▸ Work task
Nothing but the lines below between the line holding "Cotton, Nick; Fenton, Tom" and the line holding "Comment éliminer la", inclusive, should appear in the answer, each set down exactly.

▸ Dataset
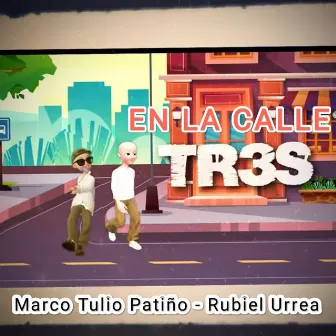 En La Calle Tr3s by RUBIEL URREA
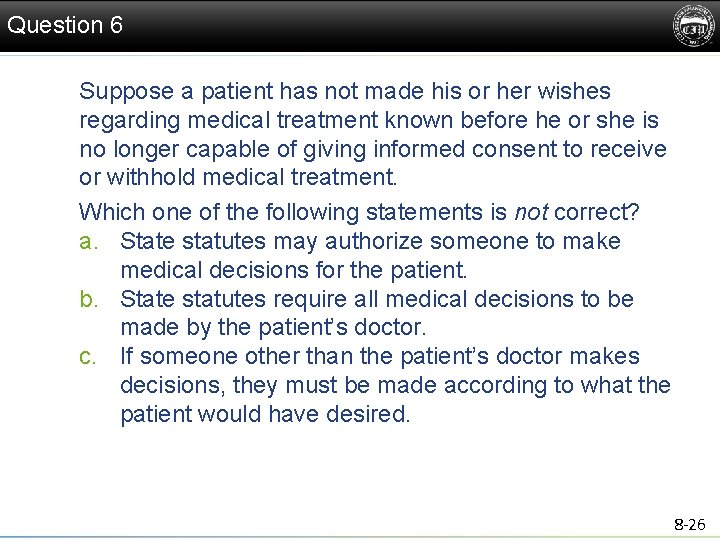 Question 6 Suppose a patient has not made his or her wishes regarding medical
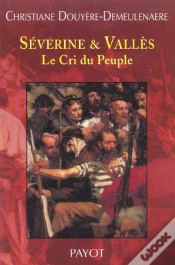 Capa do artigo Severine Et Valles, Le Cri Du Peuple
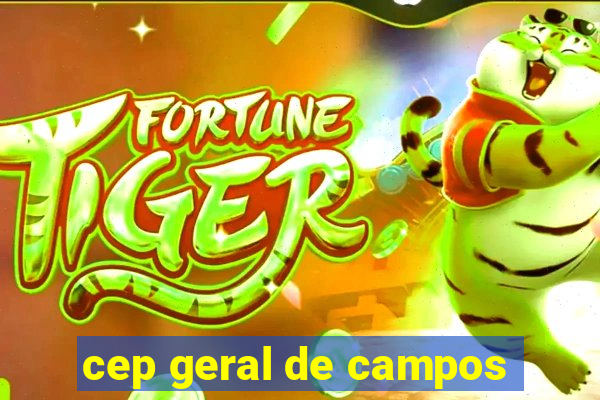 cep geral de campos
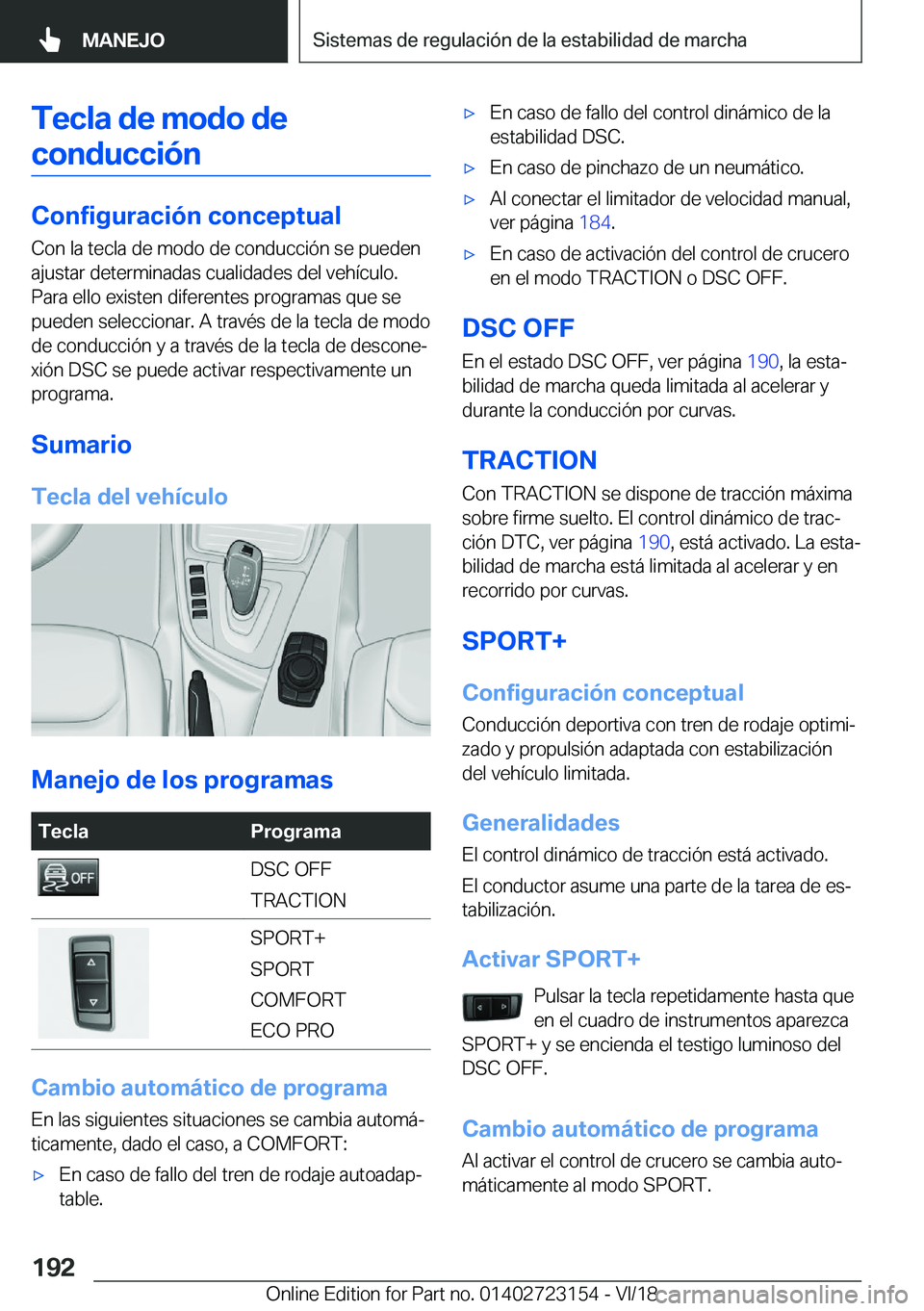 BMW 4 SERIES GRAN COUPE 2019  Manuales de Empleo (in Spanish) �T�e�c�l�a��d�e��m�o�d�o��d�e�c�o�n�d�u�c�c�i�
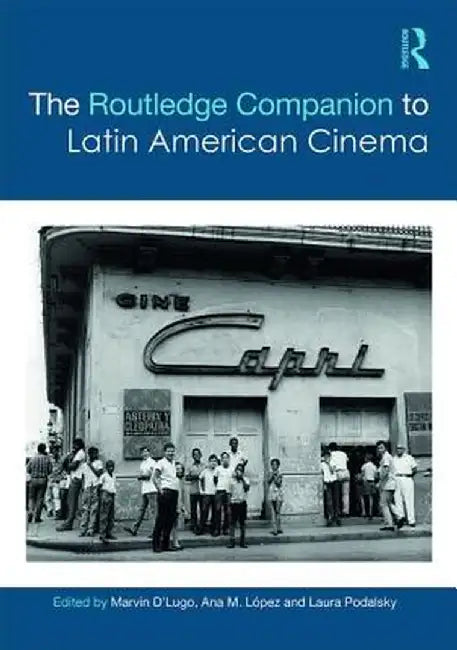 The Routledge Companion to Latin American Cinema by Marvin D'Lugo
* * *
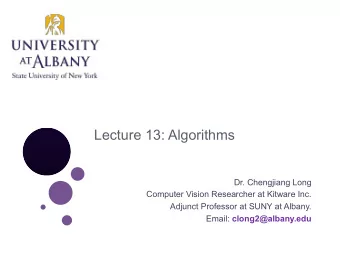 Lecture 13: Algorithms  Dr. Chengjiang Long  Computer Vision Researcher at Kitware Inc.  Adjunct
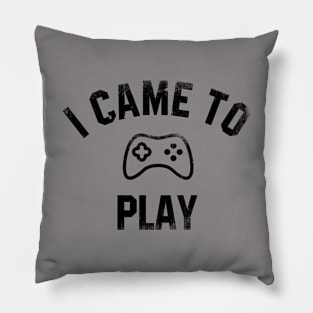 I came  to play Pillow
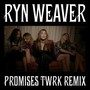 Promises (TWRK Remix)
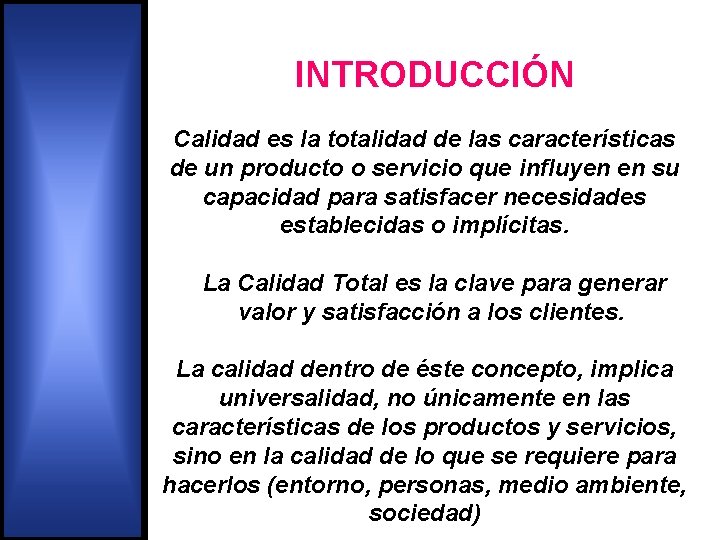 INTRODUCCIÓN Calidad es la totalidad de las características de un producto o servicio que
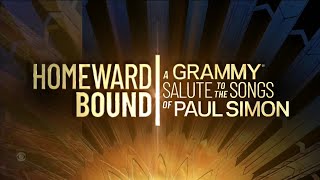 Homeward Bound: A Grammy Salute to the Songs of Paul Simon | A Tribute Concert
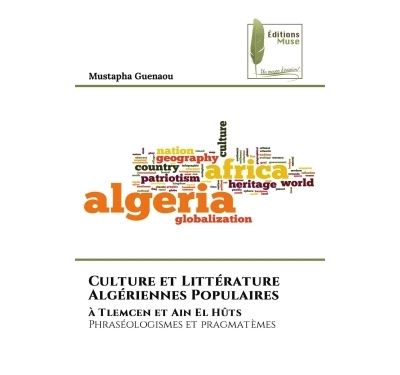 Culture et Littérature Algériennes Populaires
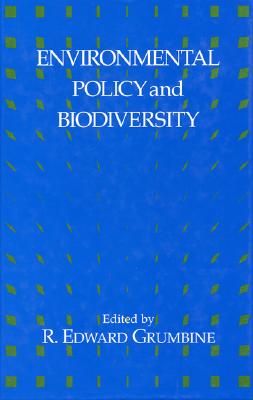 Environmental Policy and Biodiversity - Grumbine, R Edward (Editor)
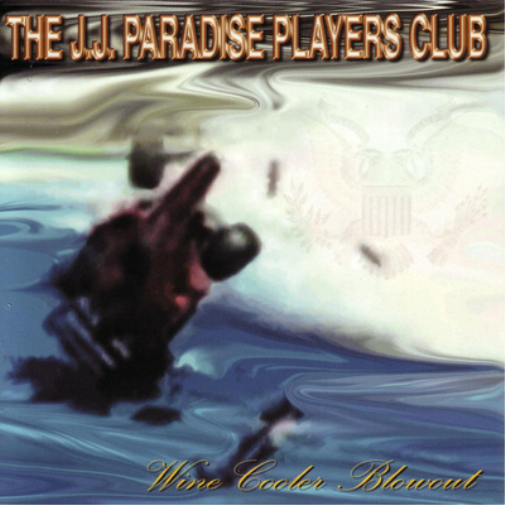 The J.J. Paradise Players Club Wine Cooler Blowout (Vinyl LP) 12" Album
...
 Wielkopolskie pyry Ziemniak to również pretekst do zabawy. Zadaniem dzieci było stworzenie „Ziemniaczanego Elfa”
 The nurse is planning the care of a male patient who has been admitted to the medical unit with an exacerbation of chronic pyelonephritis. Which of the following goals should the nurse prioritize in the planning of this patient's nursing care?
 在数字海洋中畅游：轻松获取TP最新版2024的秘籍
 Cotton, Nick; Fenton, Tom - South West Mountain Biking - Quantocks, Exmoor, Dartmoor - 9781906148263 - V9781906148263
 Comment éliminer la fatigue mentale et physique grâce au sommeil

▸ Solution for this problem
 Cotton, Nick; Fenton, Tom - South West Mountain Biking - Quantocks, Exmoor, Dartmoor - 9781906148263 - V9781906148263
 Comment éliminer la fatigue mentale et physique grâce au sommeil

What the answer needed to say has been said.